Desde hace muchas semanas está dedicando la mayor parte de su valioso tiempo a reunirse con Binyamin Netanyahu y con Mahmud Abbas, intenta juntar a los dos.

La oficina del primer minisro en Jerusalén no dista más de media hora en coche de la Muqataa, la residencia del presidente palestino en Ramalá. Pero lo que separa a las dos es más que la distancia entre la Tierra y Marte.

Kerry se ha propuesto juntarlos.. quizás en alguna parte del espacio interestelar. En la
Luna, por ejemplo.

¿Juntarlos para qué?

Ahí está la cosa. Parece ser que la idea es reunirse simplemente por reunirse.
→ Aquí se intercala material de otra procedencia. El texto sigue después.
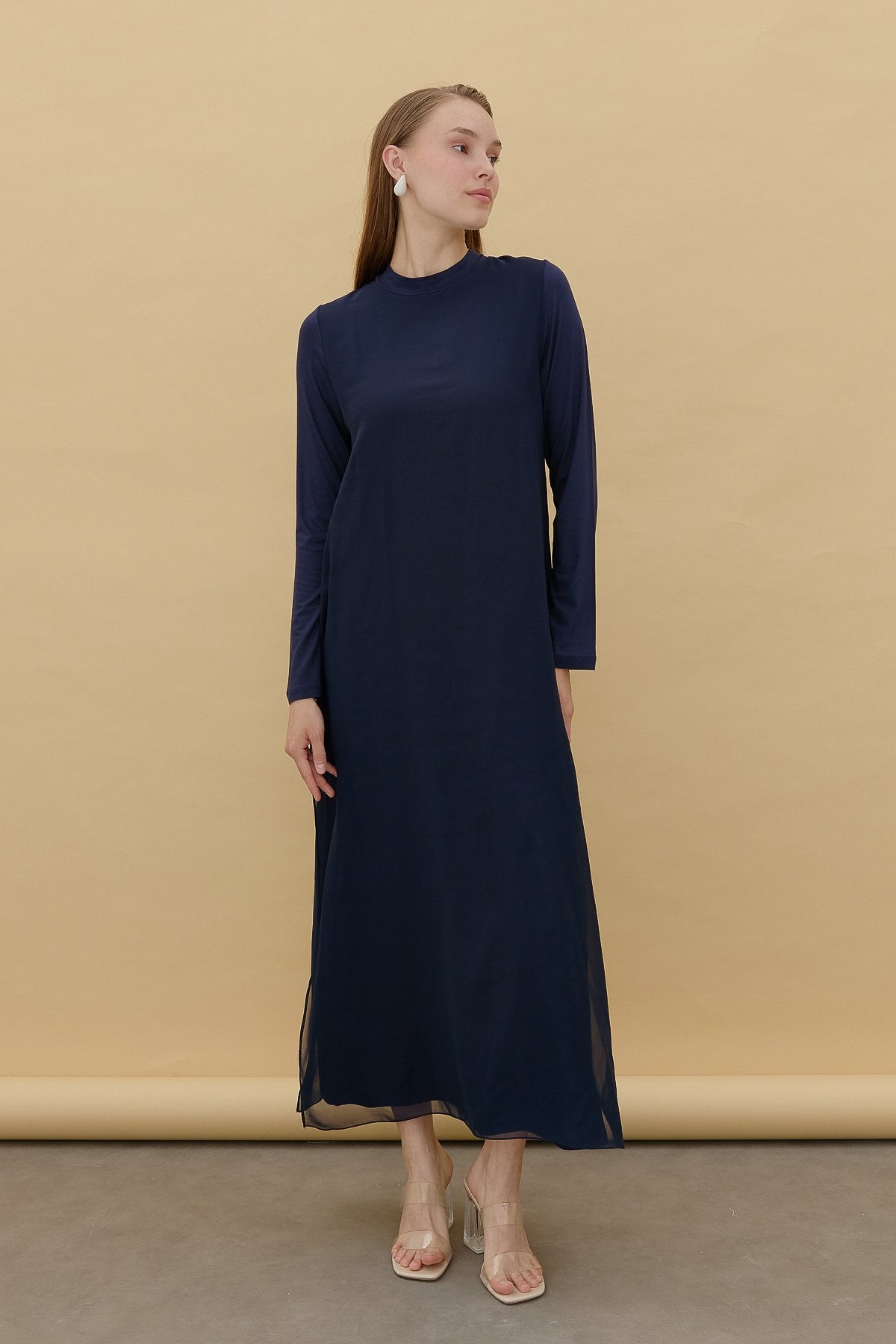 Cotton Jersey Dress with Chiffon Front - Navy Blue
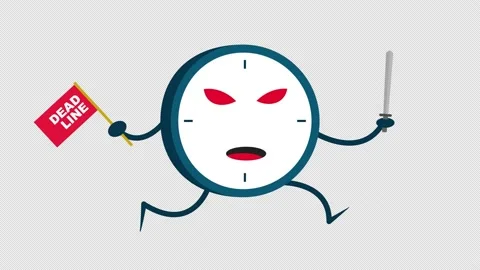 Funny clock character running animation, concept of being chased by deadline Video stock 233823911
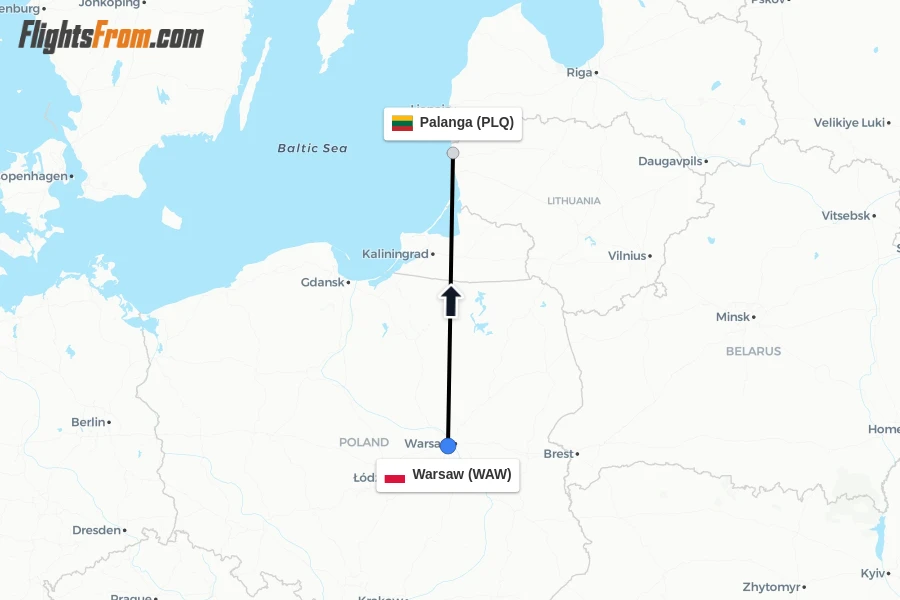 Flights from Warsaw to Palanga route map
Hemos observado este procedimiento desde hace muchos años ya. Un presidente estadounidense tras otro ha intentado juntar a los dos bandos. Una creencia norteamericana, arraigada en la tradición anglosajona, dicta que si dos personas razonables y decentes se reúnen para aclarar sus diferencias, todo se arreglará. Es casi automático: reunión – charla – acuerdo.

Una creencia norteamericana dicta que si dos personas se reúnen para hablar, todo se arreglará

Desafortunadamente, esto no funciona exactamente así en los conflictos entre naciones, conflictos que puede tener profundas raíces históricas. En las reuniones de dirigentes de este tipo de naciones, a menudo ambos sólo quieren arrojarse viejas acusaciones, con la finalidad de mostrar al mundo que el otro bando es totalmente odioso y despreciable.

Cualquiera de los dos bandos, incluso los dos, puede estar interesado en prolongar las reuniones para siempre. El mundo ve cómo los dirigentes se reúnen, el mediador y los fotógrafos trabajan duro, todos hablan sin parar de paz, paz, paz.

Me acuerdo de un caballero escandinavo llamado Gunnar Jarring. ¿Lo recuerdan? ¿No? No se preocupen: merece todo el olvido. Eran un diplomático sueco (y experto en lenguas túrquicas) bienintencionado al que Naciones Unidas pidió a principios de los años setenta que juntara a egipcios e israelíes para alcanzar un acuerdo de paz entre ambos países.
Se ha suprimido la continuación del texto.